In May 2020, in the AFA's first virtual assembly, Tapia was re-elected by acclamation for the 2021–2025 term; the same assembly dissolved the Superliga and created the Liga Profesional de Fútbol under the AFA's control.

On 17 October 2024, an AFA assembly re-elected Tapia unopposed for a new term running until 2029, with Juan Román Riquelme as first vice-president; the assembly also abolished that season's relegations and approved a 30-team top flight. Argentina's corporate regulator, the Inspección General de Justicia, had challenged the assembly as irregular, but an appeals court upheld its decisions.

In May 2025, CONMEBOL designated Tapia as its representative on the FIFA Council, replacing Ednaldo Rodrigues, and in November 2025 he was ratified in the seat until 2027.

==Controversies==

===Refereeing and Barracas Central===
Since Barracas Central's promotion to the Primera División, the club — presided over by Tapia's son Matías and captained by his son Iván — has been the subject of repeated public allegations of favourable refereeing. In November 2025, deregulation minister Federico Sturzenegger publicised a statistical report claiming that Barracas Central's results improved in a "statistically significant" way after Tapia became AFA president, and an Argentine referees' union (SADRA) accused the AFA of "irregularities" and "manipulation of results" in referee appointments. Tapia and the AFA have rejected the allegations.

===Dispute over club ownership===
Tapia defends the Argentine model of clubs as non-profit civil associations and has publicly opposed the introduction of privately owned clubs (sociedades anónimas deportivas, SAD), promoted first by Mauricio Macri and later by the government of Javier Milei. The dispute escalated into a prolonged confrontation between the AFA and the national government.

===Rosario Central title and Estudiantes sanctions===
On 20 November 2025, the Liga Profesional, chaired by Tapia, proclaimed Rosario Central "2025 league champion" for topping the annual aggregate table — a trophy not provided for in the tournament regulations — prompting widespread criticism from clubs, former players and the national government.
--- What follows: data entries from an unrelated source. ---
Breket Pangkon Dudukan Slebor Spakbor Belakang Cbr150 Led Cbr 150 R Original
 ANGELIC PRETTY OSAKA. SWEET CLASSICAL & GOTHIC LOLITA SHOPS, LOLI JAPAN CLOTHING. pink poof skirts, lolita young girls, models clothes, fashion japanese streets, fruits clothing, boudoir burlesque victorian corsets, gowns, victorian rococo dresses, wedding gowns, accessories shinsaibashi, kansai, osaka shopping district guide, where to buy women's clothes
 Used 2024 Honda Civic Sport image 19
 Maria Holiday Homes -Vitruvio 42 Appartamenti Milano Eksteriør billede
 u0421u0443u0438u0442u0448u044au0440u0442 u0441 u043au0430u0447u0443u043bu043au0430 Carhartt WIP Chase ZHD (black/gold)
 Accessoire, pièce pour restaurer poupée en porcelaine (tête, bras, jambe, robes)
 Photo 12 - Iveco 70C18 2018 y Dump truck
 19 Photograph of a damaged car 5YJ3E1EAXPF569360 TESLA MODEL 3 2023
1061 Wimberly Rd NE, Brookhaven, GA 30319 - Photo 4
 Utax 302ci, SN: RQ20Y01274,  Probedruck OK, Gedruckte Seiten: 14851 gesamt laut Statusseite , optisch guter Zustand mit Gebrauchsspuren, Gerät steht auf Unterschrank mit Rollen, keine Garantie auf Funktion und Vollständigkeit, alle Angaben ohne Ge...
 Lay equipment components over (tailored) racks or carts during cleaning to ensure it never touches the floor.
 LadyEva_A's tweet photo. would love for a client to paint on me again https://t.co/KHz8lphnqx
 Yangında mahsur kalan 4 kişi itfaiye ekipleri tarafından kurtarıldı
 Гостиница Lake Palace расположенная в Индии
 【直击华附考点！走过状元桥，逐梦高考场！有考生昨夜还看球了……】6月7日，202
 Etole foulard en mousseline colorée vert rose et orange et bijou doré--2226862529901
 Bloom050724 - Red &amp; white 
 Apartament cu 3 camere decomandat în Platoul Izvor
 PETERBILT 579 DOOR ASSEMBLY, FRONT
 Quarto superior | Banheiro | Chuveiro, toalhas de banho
In protest, Estudiantes de La Plata players turned their backs during the guard of honour for the new champions. The AFA disciplinary tribunal suspended Estudiantes president Juan Sebastián Verón from football activity for six months, banned the eleven starting players for two matches and fined the club; Estudiantes appealed Verón's suspension.

===Sur Finanzas investigation===
Since late 2025, Argentine federal courts have been investigating Sur Finanzas — a financial firm owned by businessman Ariel Vallejo, an associate of Tapia, which sponsored the AFA and several clubs — for suspected money laundering, tax evasion and criminal conspiracy. In February 2026 some thirty raids were carried out in connection with the firm, and in May 2026 prosecutors requested that Vallejo also be indicted for fraudulent administration. The main target of the investigation is Vallejo; media reports describe Tapia as linked to the firm through its sponsorship contracts, without any charge against him.

==Personal life==
Tapia is married to Paola Moyano, daughter of former Secretary General of the CGT, Hugo Moyano. The couple has four children. His sons Iván and Matías are footballers; Matías retired to succeed his father as president of Barracas Central in 2020.